Os antepassados de Bahetá conviviam aqui com a natureza, num clima marcado pelo relógio natural dos dias. As caravelas lusitanas ainda não haviam desembarcado por aqui. As rações eram iguais, a água jorrava da fonte da vida clara para todos. Criaturas humanas, seres e coisas andavam num relacionamento perfeito, de entendimento e equilíbrio, nos hábitos da terra eram aprendidos ritos de passagem e modulações da seiva imemorial. A flauta dos ancestrais de Bahetá ainda não tocava a música que fala dos rastros da desgraça deixados pelo homem branco, descobridor e aventureiro.

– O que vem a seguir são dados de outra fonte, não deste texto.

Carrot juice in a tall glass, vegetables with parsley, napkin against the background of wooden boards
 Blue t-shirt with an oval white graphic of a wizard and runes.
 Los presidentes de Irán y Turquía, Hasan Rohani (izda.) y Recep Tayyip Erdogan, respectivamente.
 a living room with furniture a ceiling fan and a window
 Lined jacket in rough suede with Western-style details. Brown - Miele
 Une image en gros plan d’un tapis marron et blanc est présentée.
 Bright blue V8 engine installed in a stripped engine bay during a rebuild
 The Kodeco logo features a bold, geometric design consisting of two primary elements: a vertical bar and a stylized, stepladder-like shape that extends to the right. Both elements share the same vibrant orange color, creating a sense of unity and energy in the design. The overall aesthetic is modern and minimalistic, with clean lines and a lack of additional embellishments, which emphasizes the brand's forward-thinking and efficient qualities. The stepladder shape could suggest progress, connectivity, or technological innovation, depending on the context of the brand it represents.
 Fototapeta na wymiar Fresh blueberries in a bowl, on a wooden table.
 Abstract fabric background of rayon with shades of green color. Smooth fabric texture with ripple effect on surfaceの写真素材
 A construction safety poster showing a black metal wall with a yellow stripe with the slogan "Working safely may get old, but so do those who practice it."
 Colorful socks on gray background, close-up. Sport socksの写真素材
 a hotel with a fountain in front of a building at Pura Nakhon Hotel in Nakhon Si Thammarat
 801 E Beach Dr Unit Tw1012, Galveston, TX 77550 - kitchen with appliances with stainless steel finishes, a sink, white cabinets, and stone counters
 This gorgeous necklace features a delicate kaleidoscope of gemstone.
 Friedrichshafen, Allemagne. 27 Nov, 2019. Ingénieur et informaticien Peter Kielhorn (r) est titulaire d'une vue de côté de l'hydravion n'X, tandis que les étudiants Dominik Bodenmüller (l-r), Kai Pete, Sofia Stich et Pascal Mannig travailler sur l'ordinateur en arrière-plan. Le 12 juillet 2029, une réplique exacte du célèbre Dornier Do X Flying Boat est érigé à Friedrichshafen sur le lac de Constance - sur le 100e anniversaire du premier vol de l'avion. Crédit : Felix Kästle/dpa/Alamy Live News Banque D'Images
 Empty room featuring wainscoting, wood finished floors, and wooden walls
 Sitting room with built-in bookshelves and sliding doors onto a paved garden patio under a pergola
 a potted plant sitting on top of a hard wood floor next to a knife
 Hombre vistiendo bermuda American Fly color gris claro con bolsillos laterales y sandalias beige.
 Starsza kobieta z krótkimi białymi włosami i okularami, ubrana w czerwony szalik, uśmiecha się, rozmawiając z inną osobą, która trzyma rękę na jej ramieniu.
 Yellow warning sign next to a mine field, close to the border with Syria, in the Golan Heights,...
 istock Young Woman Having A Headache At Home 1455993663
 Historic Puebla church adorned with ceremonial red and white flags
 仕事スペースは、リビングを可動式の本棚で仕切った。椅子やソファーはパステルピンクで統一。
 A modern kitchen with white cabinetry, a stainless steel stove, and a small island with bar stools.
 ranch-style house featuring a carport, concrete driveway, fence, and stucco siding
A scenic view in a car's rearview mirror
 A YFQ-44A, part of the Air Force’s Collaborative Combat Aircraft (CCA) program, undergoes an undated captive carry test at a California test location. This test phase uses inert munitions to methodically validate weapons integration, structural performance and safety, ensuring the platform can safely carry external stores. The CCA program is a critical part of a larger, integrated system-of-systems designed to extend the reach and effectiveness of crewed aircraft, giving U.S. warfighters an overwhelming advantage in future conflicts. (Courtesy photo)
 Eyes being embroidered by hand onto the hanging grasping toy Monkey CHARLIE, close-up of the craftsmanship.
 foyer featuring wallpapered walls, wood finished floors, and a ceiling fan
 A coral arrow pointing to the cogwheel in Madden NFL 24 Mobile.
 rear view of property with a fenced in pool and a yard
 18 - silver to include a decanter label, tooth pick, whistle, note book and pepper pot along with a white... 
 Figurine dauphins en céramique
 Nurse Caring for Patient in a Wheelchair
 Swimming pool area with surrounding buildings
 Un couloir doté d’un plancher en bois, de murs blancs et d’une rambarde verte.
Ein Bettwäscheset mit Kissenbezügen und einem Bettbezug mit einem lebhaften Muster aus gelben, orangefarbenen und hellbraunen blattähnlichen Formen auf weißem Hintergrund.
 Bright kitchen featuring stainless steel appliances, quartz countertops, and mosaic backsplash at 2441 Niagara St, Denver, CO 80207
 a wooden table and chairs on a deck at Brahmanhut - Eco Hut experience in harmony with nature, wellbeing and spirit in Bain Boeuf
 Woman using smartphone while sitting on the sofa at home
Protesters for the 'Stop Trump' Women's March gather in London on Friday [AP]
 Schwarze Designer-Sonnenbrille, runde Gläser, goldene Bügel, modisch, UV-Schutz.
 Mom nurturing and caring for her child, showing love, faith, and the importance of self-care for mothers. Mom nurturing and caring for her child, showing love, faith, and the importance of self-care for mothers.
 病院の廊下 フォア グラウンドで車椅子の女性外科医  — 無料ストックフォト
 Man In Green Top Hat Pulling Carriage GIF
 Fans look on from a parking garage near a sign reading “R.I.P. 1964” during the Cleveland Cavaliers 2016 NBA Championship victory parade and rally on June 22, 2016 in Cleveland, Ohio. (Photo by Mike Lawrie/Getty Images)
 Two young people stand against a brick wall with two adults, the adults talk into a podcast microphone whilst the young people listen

Já em criança Bahetá teve de aprender a tocar uma música triste, escorrendo num tom doído lembranças da flecha quebrada na fuga em grito. Melodia nada doce que repercute a bala na taba e o gume na seiva. Recorda o coração ilhado em sombras, trazendo o som de certa avidez desmedida, incrível capacidade de persistência que extinguiu até os bichos. Fez aflorar o jugo dos colonos e a mão permanente do posseiro, soterrando valores, tradições milenares, em dó e lágrima, até o último gemido.
O povo pataxó passou a ter condições mínimas para juntar restos de sua cultura a partir de 1980. Tarefa difícil por ser fragmentária a de recuperar a sua identidade. Alguns restos dessa identidade que se perdeu no tempo foram reunidos agora na cartilha Lições de Bahetá. Nesse pequeno livro estão registradas cento e vinte e nove palavras e duas orações, como Apôka (chorar), Kuin Kahab (quero comer) e Kuin Mikahab (quero viver).
Os herdeiros do povo pataxó vão ter o que aprender nessas breves lições de Bahetá. Ao rastrearem sua língua de modo fragmentário, pulsando através dela com alegria e dor, canto e silêncio, água e fogo, pedra e vento, árvore e flor, nuvem e bicho, em seus rumores milenares vão viajar com as noites e descobrir os dias.
Nesse reencontro com vozes perdidas, atravessando lugares e conhecendo coisas trazidas pela língua nativa, vão ficar mais conscientes quanto à retomada e preservação vital que a natureza destinou-lhes neste planeta.
Os herdeiros do povo pataxó vão ser mais livres e dignos com as breves lições da velha senhora. Sem dúvida terão mais consciência do que é ser Mikahabe (chão), Itôhã (céu) e Hãhãhãe (povo). E de querer ser índio.